STANLEY ON THE MARCH.

“Four chiefs, a few hundred yards in front; next, twelve guides, clad in red robes of Jobo, bearing coils of wire; then a long file, two hundred and seventy strong, bearing cloth, wire, beads, and sections of the Lady Alice; after them, thirty-six women and ten boys, children of the chiefs, and boat-bearers, followed by riding-asses, Europeans, and gun-bearers; the long line closed by sixteen chiefs, who act as rearguard: in all, three hundred and fifty-six souls connected with the Anglo-American expedition. The lengthy line occupies nearly half a mile of the path.”

Mr. Stanley did not mean to be stopped on the route he had chosen by the objections of any native chief to the passage of the little army through his territory. If the opposition were carried to the extent of a challenge of battle, the American explorer was prepared to accept it and fight his way through. In this way he counted on avoiding the long delays, the roundabout routes, and the fragmentary results which had marked the efforts of previous travellers. It is an admirable method, if your main object is to get through the work rapidly, if you are strong enough to despise all assaults, and if you have no prospect of travelling the same road again. Its wisdom and justifiableness need not be discussed; but it may simply be remarked that this conjunction of campaigning and exploration gives an extra spice of danger and an exciting variety to the narrative, which carries us back to the time when the Conquistadors of Spain and Portugal carved their rich conquests into the heart of Mexico and South America.

He carried with him the sections of a boat, forty feet long, with which to explore the Victoria Nyanza, or any other lake or stream he might discover. It was named the “Lady Alice.” He had only three English assistants—two Thames watermen by the name of Francis and Edward Pocock, and a clerk named Frederick Barker—none of whom emerged alive from the African wilds into which they plunged so light heartedly.

Unyanyembe is the half-way station between Zanzibar and the lakes of interior Africa. It is simply a headquarters for slave stealers and a regular trading den for land pirates. Stanley

turned to the northwest before reaching this place, and in about the fifth degree south latitude came upon the water shed which separates the waters trending northward from those running southward. Here in a plain 5000 feet above the sea, and 2500 miles in a straight line from the Mediterranean, seemed clearly to be the most southerly limit of the Nile basin.

And here Stanley’s real difficulties began. The party suffered from want of food and lost their way.
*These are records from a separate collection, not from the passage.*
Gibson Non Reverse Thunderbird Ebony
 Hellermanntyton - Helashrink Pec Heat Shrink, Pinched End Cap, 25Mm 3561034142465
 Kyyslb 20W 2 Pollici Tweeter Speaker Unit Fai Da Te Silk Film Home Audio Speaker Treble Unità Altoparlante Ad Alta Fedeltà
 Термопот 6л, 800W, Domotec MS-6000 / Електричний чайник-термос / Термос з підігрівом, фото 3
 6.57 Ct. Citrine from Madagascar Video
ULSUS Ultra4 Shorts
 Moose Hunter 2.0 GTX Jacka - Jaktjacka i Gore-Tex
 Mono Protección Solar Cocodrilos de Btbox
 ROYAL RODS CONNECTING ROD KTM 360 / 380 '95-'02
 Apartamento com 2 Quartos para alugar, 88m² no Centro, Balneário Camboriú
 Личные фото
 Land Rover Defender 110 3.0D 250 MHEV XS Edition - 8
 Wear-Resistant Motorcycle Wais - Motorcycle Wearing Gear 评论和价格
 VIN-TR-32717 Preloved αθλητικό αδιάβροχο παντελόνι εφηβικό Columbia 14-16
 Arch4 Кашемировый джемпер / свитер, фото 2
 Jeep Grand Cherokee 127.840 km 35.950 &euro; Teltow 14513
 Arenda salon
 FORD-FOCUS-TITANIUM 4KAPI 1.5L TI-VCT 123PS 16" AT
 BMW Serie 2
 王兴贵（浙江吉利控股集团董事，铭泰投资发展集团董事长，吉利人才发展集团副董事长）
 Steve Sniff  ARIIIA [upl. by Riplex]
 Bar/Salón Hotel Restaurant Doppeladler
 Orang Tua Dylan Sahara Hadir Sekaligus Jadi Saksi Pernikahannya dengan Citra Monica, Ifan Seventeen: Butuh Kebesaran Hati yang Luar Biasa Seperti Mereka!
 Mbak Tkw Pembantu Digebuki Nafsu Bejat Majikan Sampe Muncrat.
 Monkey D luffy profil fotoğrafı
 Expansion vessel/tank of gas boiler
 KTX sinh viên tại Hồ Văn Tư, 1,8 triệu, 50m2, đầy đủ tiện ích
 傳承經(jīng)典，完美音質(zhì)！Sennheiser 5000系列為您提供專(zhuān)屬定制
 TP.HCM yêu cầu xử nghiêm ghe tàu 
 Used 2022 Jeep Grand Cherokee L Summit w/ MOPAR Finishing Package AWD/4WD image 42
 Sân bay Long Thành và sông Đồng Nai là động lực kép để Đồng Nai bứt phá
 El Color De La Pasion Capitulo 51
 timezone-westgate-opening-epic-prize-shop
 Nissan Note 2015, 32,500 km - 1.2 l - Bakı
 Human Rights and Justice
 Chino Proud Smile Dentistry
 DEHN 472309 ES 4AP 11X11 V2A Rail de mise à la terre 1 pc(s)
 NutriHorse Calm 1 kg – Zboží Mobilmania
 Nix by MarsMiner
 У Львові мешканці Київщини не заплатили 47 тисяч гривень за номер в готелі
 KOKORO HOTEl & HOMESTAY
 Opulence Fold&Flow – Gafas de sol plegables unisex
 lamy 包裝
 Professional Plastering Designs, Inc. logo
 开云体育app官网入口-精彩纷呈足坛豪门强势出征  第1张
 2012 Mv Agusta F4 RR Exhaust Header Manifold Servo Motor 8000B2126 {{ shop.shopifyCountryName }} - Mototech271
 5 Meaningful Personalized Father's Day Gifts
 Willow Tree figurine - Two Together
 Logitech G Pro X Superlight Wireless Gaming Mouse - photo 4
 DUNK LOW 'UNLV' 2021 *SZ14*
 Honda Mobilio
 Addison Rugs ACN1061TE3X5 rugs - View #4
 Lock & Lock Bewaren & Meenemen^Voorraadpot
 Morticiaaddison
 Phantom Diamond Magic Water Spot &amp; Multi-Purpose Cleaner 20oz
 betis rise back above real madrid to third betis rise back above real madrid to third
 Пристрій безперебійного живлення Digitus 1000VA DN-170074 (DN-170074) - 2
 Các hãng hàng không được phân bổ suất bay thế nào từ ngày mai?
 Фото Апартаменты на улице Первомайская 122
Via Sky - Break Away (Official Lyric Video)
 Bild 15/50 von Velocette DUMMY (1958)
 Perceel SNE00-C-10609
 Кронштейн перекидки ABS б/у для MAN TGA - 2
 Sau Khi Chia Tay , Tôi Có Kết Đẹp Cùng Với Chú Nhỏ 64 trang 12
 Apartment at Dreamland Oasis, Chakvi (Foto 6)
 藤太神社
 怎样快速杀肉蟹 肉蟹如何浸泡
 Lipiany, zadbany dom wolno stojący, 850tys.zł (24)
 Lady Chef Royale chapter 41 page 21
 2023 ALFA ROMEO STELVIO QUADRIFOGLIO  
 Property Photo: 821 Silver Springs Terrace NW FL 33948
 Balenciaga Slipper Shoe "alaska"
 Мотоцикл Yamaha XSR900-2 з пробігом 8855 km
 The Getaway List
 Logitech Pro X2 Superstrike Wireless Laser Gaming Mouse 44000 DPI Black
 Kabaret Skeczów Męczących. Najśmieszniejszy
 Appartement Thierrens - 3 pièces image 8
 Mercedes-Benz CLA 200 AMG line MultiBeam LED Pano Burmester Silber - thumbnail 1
Sickness fell upon the camp, and Edward Pocock died. The natives themselves were hostile, and Mirambo, chief of the Ruga-Rugas, a noted freebooter, was in the neighborhood with his band of cut-throats. By and by the storm clouds burst in war, not with the bandits however, but with the Ituru tribe. The battle was fought for three days against great odds. It resulted in the complete discomfiture of the foe, but with a loss to Stanley of twenty-four killed and wounded. The weakened expedition moved on bearing twenty-five men on the sick list.

They were now in the valley of the Shimeeyu, an affluent of Victoria Nyanza from the south. It was followed through dense forests over which loomed enormous bare rocks like castles, and hillocks of splintered granite and gneiss, and then through fine rolling plains, rich in pasture lands, hedge inclosed villages and herds of wild and tame animals. Compared with what he had passed through it was a grand and glorious country.

Provisions could be had readily and cheaply—corn, potatoes, fruit, goats and chickens. The half starved men indulged in feasting and marched with recovered strength and confidence. Murmuring and doubt died away. The native attendants who had shown unmistakable proofs of faithfulness in the midst of trial were specially rewarded.

The lake was near at hand. As they dipped through the troughs of land, mounted ridge after ridge, crossed water courses and ravines, passed cultivated fields and through villages smelling of cattle, a loud hurrahing in front told that the great Lake Victoria Nyanza had been sighted. It was February 27, 1875. The spot was Kagehyi, not far from where Speke had struck it.